Kate has extensively researched, facilitated, advised, and published on multiple aspects of leadership and organizational development. She has been listed as a Thinkers50 for her body of work throughout her career and has co-authored the best-selling business book The Leadership Code.

What is of utmost importance in the age of disruption, both for leaders and for organizations? 

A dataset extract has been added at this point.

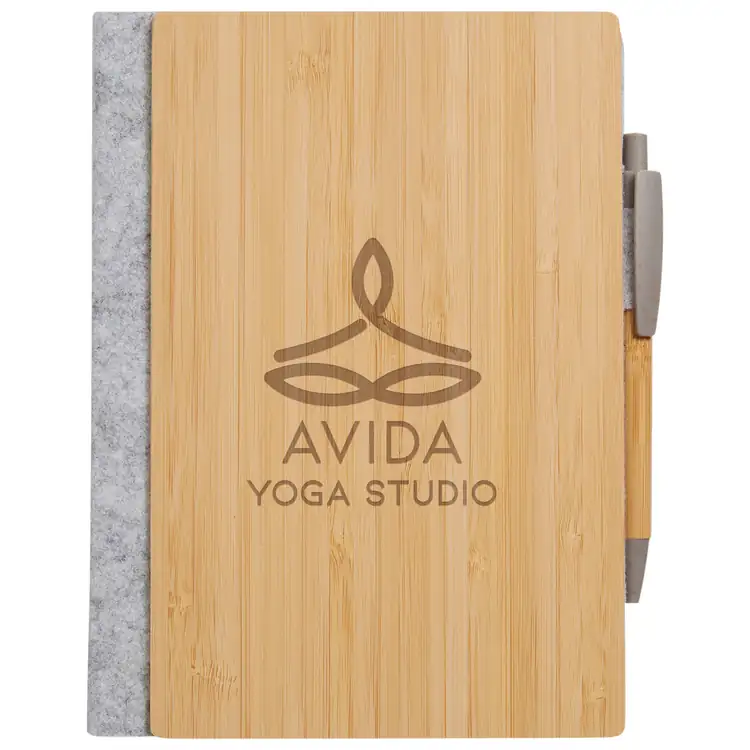 Grove Refillable Bamboo Notebook with Pen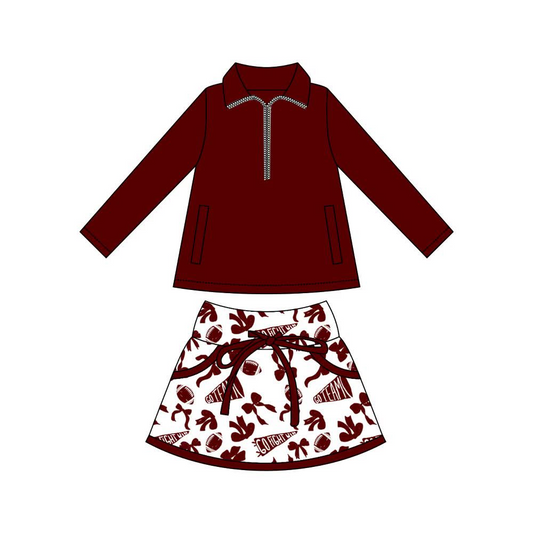 ( Moq 5 ) Preorder Baby Kids Girls Long Sleeves Zipper Tops Dark Red Football Bows Skirts Shorts Team Cheer Set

A mind-set of extreme agility with the capability to act on it, and for leaders to keep their energy high and positive is of utmost importance in this age of disruption. In this age, you have to see the possibilities and move faster than the speed of change around you. Since there is no such thing as a steady state anymore, leaders and their organizations need to be in a perpetual flow of learning, shifting and growing – looking out ahead, figuring out what to do and how to do it. The faster that can happen, the better the chances are to stay ahead of others, to be in a position to disrupt rather than be disrupted. Managing this dynamic is the main job of leaders and the organizations that they lead. Our age really and truly is a perfect storm of ideas, approaches and options. We all need to be open to doing things quite differently, and often make that shift with extreme speed and deep commitment — even when outcomes are not clearly known

Our age really and truly is a perfect storm of ideas, approaches and options. We all need to be open to doing things quite differently, and often make that shift with extreme speed and deep commitment — even when outcomes are not clearly known

You stress more on reinvention than innovation? In your book “Reinvention: Accelerating Results in the Age of Disruption”, you propose a simple formula, common principles, and set of tools for individuals and organizations facing disruptive and radical change. Tell us more about this. 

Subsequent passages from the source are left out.